REQUIRED WORK: Transcribe word for word the lines below from the line with "Wholesale Children's Rose" through the line with "Mens * | Columbia", ends included.
** SUPPLIED RECORDS follows **
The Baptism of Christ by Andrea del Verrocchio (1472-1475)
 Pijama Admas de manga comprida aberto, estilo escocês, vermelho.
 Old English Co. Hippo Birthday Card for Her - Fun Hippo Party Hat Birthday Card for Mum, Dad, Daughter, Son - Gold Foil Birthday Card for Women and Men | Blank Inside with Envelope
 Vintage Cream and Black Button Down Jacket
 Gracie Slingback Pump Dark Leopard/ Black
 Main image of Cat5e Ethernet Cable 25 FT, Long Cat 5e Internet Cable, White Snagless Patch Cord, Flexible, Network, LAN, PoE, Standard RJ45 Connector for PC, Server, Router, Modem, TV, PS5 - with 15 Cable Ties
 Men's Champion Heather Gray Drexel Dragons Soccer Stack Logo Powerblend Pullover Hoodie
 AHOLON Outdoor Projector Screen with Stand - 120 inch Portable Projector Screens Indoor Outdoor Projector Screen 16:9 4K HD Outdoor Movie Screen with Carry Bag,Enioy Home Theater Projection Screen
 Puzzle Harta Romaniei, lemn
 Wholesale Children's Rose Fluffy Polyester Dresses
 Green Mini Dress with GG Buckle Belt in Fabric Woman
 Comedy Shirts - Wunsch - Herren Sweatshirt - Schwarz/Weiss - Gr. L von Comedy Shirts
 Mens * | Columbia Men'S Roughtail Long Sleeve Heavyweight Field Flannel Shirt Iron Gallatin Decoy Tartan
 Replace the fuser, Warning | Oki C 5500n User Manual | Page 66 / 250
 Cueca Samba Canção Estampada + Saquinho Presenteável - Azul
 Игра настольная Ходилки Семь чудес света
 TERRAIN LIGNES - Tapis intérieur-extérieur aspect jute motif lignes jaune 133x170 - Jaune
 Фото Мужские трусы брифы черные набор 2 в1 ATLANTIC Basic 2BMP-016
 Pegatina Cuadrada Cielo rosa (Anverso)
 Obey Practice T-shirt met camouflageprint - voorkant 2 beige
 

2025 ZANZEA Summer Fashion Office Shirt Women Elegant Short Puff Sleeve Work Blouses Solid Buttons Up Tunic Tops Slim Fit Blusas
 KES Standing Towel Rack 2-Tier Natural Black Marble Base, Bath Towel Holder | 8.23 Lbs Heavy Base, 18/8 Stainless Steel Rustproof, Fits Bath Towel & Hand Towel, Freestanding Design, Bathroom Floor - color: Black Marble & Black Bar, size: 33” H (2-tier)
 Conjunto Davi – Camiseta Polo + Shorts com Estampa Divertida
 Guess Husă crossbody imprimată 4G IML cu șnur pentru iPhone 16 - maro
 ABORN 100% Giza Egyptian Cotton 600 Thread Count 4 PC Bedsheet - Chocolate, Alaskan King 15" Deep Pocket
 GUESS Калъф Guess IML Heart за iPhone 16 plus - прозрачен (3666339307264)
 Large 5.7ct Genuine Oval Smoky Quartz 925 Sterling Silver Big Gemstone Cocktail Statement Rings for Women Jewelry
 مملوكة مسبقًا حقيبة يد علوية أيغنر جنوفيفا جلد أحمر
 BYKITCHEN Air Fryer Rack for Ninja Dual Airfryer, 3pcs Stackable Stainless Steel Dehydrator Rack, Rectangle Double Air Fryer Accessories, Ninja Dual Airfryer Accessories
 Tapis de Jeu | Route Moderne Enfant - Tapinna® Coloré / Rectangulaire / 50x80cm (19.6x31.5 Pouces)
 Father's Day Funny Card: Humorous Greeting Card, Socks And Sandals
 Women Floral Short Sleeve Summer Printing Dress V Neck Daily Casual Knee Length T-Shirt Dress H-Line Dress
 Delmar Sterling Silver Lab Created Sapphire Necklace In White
** End of SUPPLIED RECORDS **
RESPONSE TO THIS TASK:
 Wholesale Children's Rose Fluffy Polyester Dresses
 Green Mini Dress with GG Buckle Belt in Fabric Woman
 Comedy Shirts - Wunsch - Herren Sweatshirt - Schwarz/Weiss - Gr. L von Comedy Shirts
 Mens * | Columbia Men'S Roughtail Long Sleeve Heavyweight Field Flannel Shirt Iron Gallatin Decoy Tartan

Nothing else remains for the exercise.